Samuel Houseman, another witness, testified that when Fanti's truck came to a stop, Fanti got out of his cab, walked around the front of the vehicle, and with his hand rubbed the dents and scarrings, in apparent confirmation of their existence. Later, in explanation of this gesture with its implication of conscious culpability, Fanti testified that he felt weak and put his hand against the truck for support. But it was not explained what particular support he could derive from a dent in the metal.
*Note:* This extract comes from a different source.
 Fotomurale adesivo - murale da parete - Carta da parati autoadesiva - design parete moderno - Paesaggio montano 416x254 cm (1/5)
The Hines truck carried collision marks on the left rear corner, which is where it would have been hit by a passing vehicle marked and dented as was the Fanti truck. Phethean testified: "Q. Now, will you describe the damage, as you found it, at the left rear corner of the dump truck body of the green, or Pollock, truck [Hines] when you took the photographs? A. I found the left rear lower sill crushed in and rolled under. Q. And of what material was that truck body made at that point. A. Steel. Q. And did you find any force lines or stress lines at that point? A. Yes, there were stress lines from the break in the metal and also from the separation of a weld. . . Q. Mr. Phethean, will you tell us what became of the metal, or did you find any metal at the point indicated in the break? A. Well, the original metal was still there. However, it was distorted. Any time steel is rent, it has to go somewhere and, in this case, it went in and out as well; rather up."
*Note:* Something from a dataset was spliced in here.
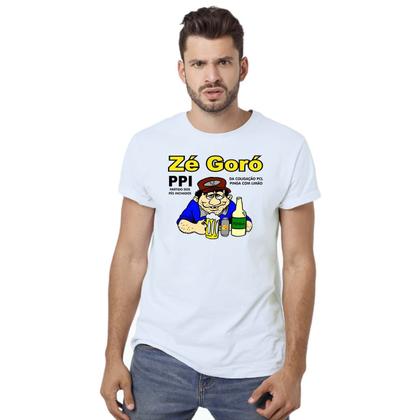 Imagem de Camiseta Zé Goró Bebum Bêbado Camisa Personalizada Blusa Adulto Algodão com Poliéster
An auto vehicle which ploughs into another, often leaves behind it identifying marks of aggression no less incriminating than the fingerprints on the dagger with which an assassin slays his victim. The Fanti truck was painted red. The Hines truck was painted green. The scarrings and distortions on the Fanti truck carried newly acquired green paint. The damaged area of the Hines truck at the left rear carried freshly acquired red paint.

The appellants admit that this criss-cross of paint was caused by contact between the two trucks but argue that the mutual scrapings occurred because the two vehicles came together after the Hines truck had overturned into the roadway. But this is another theory which evaporates in the laboratory of logic and fact. When the Hines car fell prostrate to the highway after its plunge against the stone wall, it was turned around — with the front facing north and the rear facing south. It also lay diagonally with the cab partly in the center lane and the body practically entirely in the southbound lane. This made it physically impossible for the Fanti truck to transfer any of the red paint from its right side to the rear end of the Hines truck and vice versa pick up paint from the Hines truck at the described points on the left rear of that vehicle. And it is also to be noted that there was no red paint adhering to the front of the Hines truck which is where it would be, if the Fanti truck had engaged it in the manner suggested by defendants' counsel.

Moreover, not one of the witnesses called by the defendants testified to any contact between the Hines and Fanti trucks after the former's crash against the barrier. Dayton Hess, a defense witness, who was only 30 or 40 feet away from the rear end of the Hines truck following the crash, specifically declared that within his vision there was no contact between the Fanti truck and the Hines truck after it had capsized. Even Fanti did not specify to any contact with the Hines vehicle. He said that when he saw Hines leaving the road and travelling on the "embankment," he swung to his left and by the time Hines got to the retaining wall, Fanti had reached the northbound lane: "Q. So that you got over into the northbound lane before you got to the retaining wall? A. Yes. Q. And prior to that time, you were travelling in the center lane. A. Yes, sir."

In his able opinion refusing judgment n.o.v. and a new trial, the learned trial judge said: "Under this testimony Fanti's truck was already in the northbound lane before he reached that portion of the highway opposite the retaining wall. Therefore, it was impossible for Fanti's truck in the northbound lane to have struck the Hines' truck in the middle or southbound lane after the accident."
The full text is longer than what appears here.